**Records provided:**
+ + +

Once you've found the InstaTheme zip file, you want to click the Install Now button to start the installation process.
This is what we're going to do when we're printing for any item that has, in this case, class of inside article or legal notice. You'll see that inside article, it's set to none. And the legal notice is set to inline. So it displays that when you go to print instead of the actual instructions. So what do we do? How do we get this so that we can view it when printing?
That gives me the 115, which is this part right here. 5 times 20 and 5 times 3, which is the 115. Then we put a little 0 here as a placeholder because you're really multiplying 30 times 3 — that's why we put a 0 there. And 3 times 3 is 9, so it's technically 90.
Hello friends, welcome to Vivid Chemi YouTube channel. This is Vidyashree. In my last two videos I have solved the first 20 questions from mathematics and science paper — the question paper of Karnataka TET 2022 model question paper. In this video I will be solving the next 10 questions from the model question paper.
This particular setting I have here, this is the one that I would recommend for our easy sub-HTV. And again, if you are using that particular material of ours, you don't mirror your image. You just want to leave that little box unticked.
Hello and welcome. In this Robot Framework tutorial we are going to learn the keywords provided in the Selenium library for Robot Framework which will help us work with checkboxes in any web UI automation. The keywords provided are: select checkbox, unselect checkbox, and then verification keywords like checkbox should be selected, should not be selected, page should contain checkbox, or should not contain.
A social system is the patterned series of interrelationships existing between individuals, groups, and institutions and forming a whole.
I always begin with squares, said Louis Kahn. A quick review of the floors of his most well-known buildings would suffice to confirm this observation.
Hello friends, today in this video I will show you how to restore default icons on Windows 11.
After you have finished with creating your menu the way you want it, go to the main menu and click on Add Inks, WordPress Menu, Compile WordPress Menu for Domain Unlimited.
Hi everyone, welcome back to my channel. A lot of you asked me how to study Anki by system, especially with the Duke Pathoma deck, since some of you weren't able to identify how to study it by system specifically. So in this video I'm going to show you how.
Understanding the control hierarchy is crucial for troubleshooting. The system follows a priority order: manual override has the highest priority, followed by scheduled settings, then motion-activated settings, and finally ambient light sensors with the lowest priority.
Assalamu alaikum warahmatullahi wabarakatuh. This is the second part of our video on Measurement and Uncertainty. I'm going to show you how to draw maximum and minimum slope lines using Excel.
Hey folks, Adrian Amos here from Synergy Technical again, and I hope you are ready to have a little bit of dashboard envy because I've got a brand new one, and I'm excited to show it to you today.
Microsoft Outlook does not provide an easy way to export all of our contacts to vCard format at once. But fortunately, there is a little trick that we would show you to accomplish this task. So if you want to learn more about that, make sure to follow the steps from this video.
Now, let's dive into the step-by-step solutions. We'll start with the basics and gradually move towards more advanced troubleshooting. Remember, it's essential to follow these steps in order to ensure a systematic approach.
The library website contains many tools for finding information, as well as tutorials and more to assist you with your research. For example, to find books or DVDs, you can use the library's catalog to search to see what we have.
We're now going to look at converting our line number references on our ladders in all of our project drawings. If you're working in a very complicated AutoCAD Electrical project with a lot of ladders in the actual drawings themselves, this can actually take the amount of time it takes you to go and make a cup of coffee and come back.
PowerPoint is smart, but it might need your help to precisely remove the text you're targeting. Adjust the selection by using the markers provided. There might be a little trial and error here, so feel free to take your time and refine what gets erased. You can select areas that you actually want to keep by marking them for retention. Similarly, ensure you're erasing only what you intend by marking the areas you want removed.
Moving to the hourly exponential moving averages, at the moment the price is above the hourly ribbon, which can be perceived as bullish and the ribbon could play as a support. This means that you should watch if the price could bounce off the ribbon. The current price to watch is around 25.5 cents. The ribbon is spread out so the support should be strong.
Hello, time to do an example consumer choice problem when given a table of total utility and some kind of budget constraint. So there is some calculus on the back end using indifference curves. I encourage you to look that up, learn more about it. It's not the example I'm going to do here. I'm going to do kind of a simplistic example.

+ + +

Please return the data above exactly as given.

**Answer for the task:**
Once you've found the InstaTheme zip file, you want to click the Install Now button to start the installation process.
This is what we're going to do when we're printing for any item that has, in this case, class of inside article or legal notice. You'll see that inside article, it's set to none. And the legal notice is set to inline. So it displays that when you go to print instead of the actual instructions. So what do we do? How do we get this so that we can view it when printing?
That gives me the 115, which is this part right here. 5 times 20 and 5 times 3, which is the 115. Then we put a little 0 here as a placeholder because you're really multiplying 30 times 3 — that's why we put a 0 there. And 3 times 3 is 9, so it's technically 90.
Hello friends, welcome to Vivid Chemi YouTube channel. This is Vidyashree. In my last two videos I have solved the first 20 questions from mathematics and science paper — the question paper of Karnataka TET 2022 model question paper. In this video I will be solving the next 10 questions from the model question paper.
This particular setting I have here, this is the one that I would recommend for our easy sub-HTV. And again, if you are using that particular material of ours, you don't mirror your image. You just want to leave that little box unticked.
Hello and welcome. In this Robot Framework tutorial we are going to learn the keywords provided in the Selenium library for Robot Framework which will help us work with checkboxes in any web UI automation. The keywords provided are: select checkbox, unselect checkbox, and then verification keywords like checkbox should be selected, should not be selected, page should contain checkbox, or should not contain.
A social system is the patterned series of interrelationships existing between individuals, groups, and institutions and forming a whole.
I always begin with squares, said Louis Kahn. A quick review of the floors of his most well-known buildings would suffice to confirm this observation.
Hello friends, today in this video I will show you how to restore default icons on Windows 11.
After you have finished with creating your menu the way you want it, go to the main menu and click on Add Inks, WordPress Menu, Compile WordPress Menu for Domain Unlimited.
Hi everyone, welcome back to my channel. A lot of you asked me how to study Anki by system, especially with the Duke Pathoma deck, since some of you weren't able to identify how to study it by system specifically. So in this video I'm going to show you how.
Understanding the control hierarchy is crucial for troubleshooting. The system follows a priority order: manual override has the highest priority, followed by scheduled settings, then motion-activated settings, and finally ambient light sensors with the lowest priority.
Assalamu alaikum warahmatullahi wabarakatuh. This is the second part of our video on Measurement and Uncertainty. I'm going to show you how to draw maximum and minimum slope lines using Excel.
Hey folks, Adrian Amos here from Synergy Technical again, and I hope you are ready to have a little bit of dashboard envy because I've got a brand new one, and I'm excited to show it to you today.
Microsoft Outlook does not provide an easy way to export all of our contacts to vCard format at once. But fortunately, there is a little trick that we would show you to accomplish this task. So if you want to learn more about that, make sure to follow the steps from this video.
Now, let's dive into the step-by-step solutions. We'll start with the basics and gradually move towards more advanced troubleshooting. Remember, it's essential to follow these steps in order to ensure a systematic approach.
The library website contains many tools for finding information, as well as tutorials and more to assist you with your research. For example, to find books or DVDs, you can use the library's catalog to search to see what we have.
We're now going to look at converting our line number references on our ladders in all of our project drawings. If you're working in a very complicated AutoCAD Electrical project with a lot of ladders in the actual drawings themselves, this can actually take the amount of time it takes you to go and make a cup of coffee and come back.
PowerPoint is smart, but it might need your help to precisely remove the text you're targeting. Adjust the selection by using the markers provided. There might be a little trial and error here, so feel free to take your time and refine what gets erased. You can select areas that you actually want to keep by marking them for retention. Similarly, ensure you're erasing only what you intend by marking the areas you want removed.
Moving to the hourly exponential moving averages, at the moment the price is above the hourly ribbon, which can be perceived as bullish and the ribbon could play as a support. This means that you should watch if the price could bounce off the ribbon. The current price to watch is around 25.5 cents. The ribbon is spread out so the support should be strong.
Hello, time to do an example consumer choice problem when given a table of total utility and some kind of budget constraint. So there is some calculus on the back end using indifference curves. I encourage you to look that up, learn more about it. It's not the example I'm going to do here. I'm going to do kind of a simplistic example.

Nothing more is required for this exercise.